Then Alexander’s Feast—the little harpies have been at that too, and it is defiled. Poor Collins’ Ode to the Passions, on and off the stage, is torn to very tatters.
The Seven Ages of Man, and “All the world’s a stage, and all the men and women in it”—gone to destruction.
The quality of mercy is strained, and is no longer twice blest.
We turn with disgust from “angels and ministers of grace.” Adam’s morning hymn has lost the freshness of its charm. The bores have got into Paradise—scaled Heaven itself! and defied all the powers of Milton’s hell. Such Belials and Molochs as we have heard!
It is absolutely shocking to perceive how immortal genius is in the power of mortal stupidity! Johnson, a champion of no mean force, stood forward in his day, and did what his single arm could do, to drive the little bores from the country church-yard.
“Could not the pretty dears repeat together?” had, however, but a momentary effect. Though he knocked down the pair that had attempted to stand before him, they got up again, or one down, another came on. To this hour they are at it.
What can be done against a race of beings not capable of being touched even by ridicule? What can we hope when the infant bore and his trainers have stood against the incomparable humour of “Thinks I to myself?”
In time—and as certainly as the grub turns in due season into the winged plague who buzzes and fly-blows—the little reciting bore turns into the dramatic or theatric acting, reading, singing, recitative—and finally into the everlasting-quotation-loving bore—Greek, Latin, and English.
The everlasting quotation-lover doats on the husks of learning. He is the infant reciting bore in second childishness. We wish in vain that it were in mere oblivion. From the ladies’ tea-tables the Greek and Latin quoting bores were driven away long ago by the Guardian and the Spectator, and seldom now translate for the country gentlewomen.

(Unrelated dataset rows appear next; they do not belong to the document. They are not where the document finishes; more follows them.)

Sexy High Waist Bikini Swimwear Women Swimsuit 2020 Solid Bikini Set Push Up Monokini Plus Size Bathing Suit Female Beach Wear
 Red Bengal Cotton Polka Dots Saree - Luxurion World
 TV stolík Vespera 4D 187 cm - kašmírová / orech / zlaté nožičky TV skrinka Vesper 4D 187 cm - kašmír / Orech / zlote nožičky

But the mere English quotation-dealer, a mortal tiresome creature! still prevails, and figures still in certain circles of old blues, who are civil enough still to admire that wonderful memory of his which has a quotation ready for every thing you can say—He usually prefaces or ends his quotations with—“As the poet happily says,” or, “as Nature’s sweetest woodlark justly remarks;” or, “as the immortal Milton has it.”
To prevent the confusion and disgrace consequent upon such mistakes, and for the general advantage of literature, in reclaiming, if possible, what has gone to the bores, it might be a service to point out publicly such quotations as are now too common to be admitted within the pale of good taste.